As I walked out of the doctor’s surgery, all I could hear were the words ‘You have prediabetes’. I sat in my car in a daze, feeling heavy in every possible way. On the way home, I couldn’t stop asking myself: ‘How did I get here?’

It wasn’t just my health that was suffering. My relationship with my husband, Nick, was strained, and my mental health was at rock bottom. I hated being seen and avoided social events and photos. It felt like I was watching life from the sidelines, especially with my three children, Ruby, 11, James, 10, and seven-year-old Georgia. They deserved an energetic, present mum. Instead, I felt exhausted, withdrawn and stuck.

For days after the diagnosis, I couldn’t shake the fear. I knew something had to change – not just for my blood sugar levels, but for my confidence, my marriage and my children. 

The truth was, I’d been there before. For as long as I could remember, I’d been trapped in a cycle: lose weight, feel hopeful, regain the weight, feel like a failure. I tried everything, including shakes, fasting and cutting out entire food groups. They’d leave me feeling constantly hungry and miserable, so eventually I’d give up.

Back in 2012, I joined Slimming World and lost 2st (12.7kg) before my wedding. I felt amazing walking down the aisle. But after the big day, I drifted away from group, convincing myself I could manage alone. Slowly, the weight crept back on. Then, after I became a mum, any healthy habits I’d built disappeared under sleepless nights and survival mode.

Deep down, I always knew the plan worked. But we’d moved house, and the idea of walking into a brand-new group terrified me. What if I failed again? What if everyone judged me?

In the end, the turning point wasn’t the scales. It was my camera roll. I realised I hardly had any photos of me with my children, which broke my heart. I didn’t want to miss out on their childhood because I was hiding away.

So, I walked into my local Slimming World group…

I was nervous. Really nervous. But from the moment my Consultant, Terri, welcomed me, I felt a shift. There was no judgement – just warmth, understanding and genuine belief that I could do this. Even though I’d followed Food Optimising before, hearing it explained again made something click. This time, I wasn’t chasing a quick fix. I was rebuilding healthy habits.

I’d fallen into a pattern of convenience foods, takeaways and mindless snacking. Food was comfort, reward, escape – followed by guilt. With Terri’s support, I started identifying my triggers instead of pretending they didn’t exist. I learned to plan ahead – checking menus before meals out and choosing an americano coffee instead of a sugary one without feeling deprived. For the first time, I didn’t feel like I was ‘on a diet’. I was in control.

The biggest change was that I always stayed to group. Before, if I had a gain, I’d weigh and rush out, embarrassed. I had no idea how much I was missing. Listening to other members share their wins and struggles kept me going whenever my motivation wobbled in those early weeks. Slowly, I started sharing my experiences, too. And each time I spoke, my confidence grew.
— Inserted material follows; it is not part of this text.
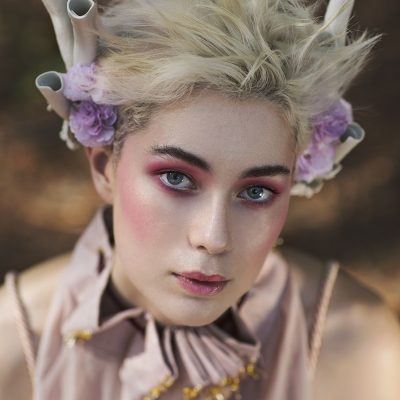 Hair & Makeup by Inèz • Photo by Natalie Tirant • Florals Stems from Her • Ceramics Zoe • Fashion Madeleine Sinco • Model Abbie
I didn’t tell anyone I’d rejoined Slimming World, and people started asking how I’d lost the weight – expecting me to say injections or some extreme plan. I loved telling them it was just real food, support and consistency.

Meal planning has been a game-changer

Knowing what we’re going to be eating each week takes away the stress and stops me making last-minute unhealthy choices. Cooking has become part of family life – the kids get involved, and it feels good knowing we’re all eating nourishing food.

Slimming World Kitchen has made my meal planning even easier. After hearing other members rave about it, I gave it a try – and now it’s a staple in our house. Having three recipe-box meals each week keeps things exciting and stops us eating the same old dinners on repeat. The ‘prawn and asparagus pasta pronto’ is a firm favourite, and the ‘posh risotto with steak and mushrooms’ turned our Valentine’s date night at home into something really special.

The portions are so generous that a box for four easily feeds all five of us – often with leftovers for lunch the next day! On busy evenings after work, knowing I’ve got a healthy, delicious meal ready to cook at home has been a lifesaver.

I’m more than 6st (39kg) lighter – and so much stronger

As the weight started coming off, something else shifted – my self-belief. Exercise stopped being punishment for what I’d eaten and became something I wanted to do, especially with my new love for boxing. It makes me feel strong, capable and powerful. Just like group, it’s something that’s purely for me.

The biggest transformation isn’t who I see in the mirror, though, it’s how I feel. I have energy. I say yes to family days out. I jump into photos without hesitation. I laugh more… and I no longer have prediabetes! My relationship with Nick is stronger, too, because I’m happier in myself.

Joining Slimming World didn’t just help me lose weight – it supported me to find myself again. And my children are getting the very best version of me.

Weight loss will vary according to your individual circumstances and how much weight you have to lose.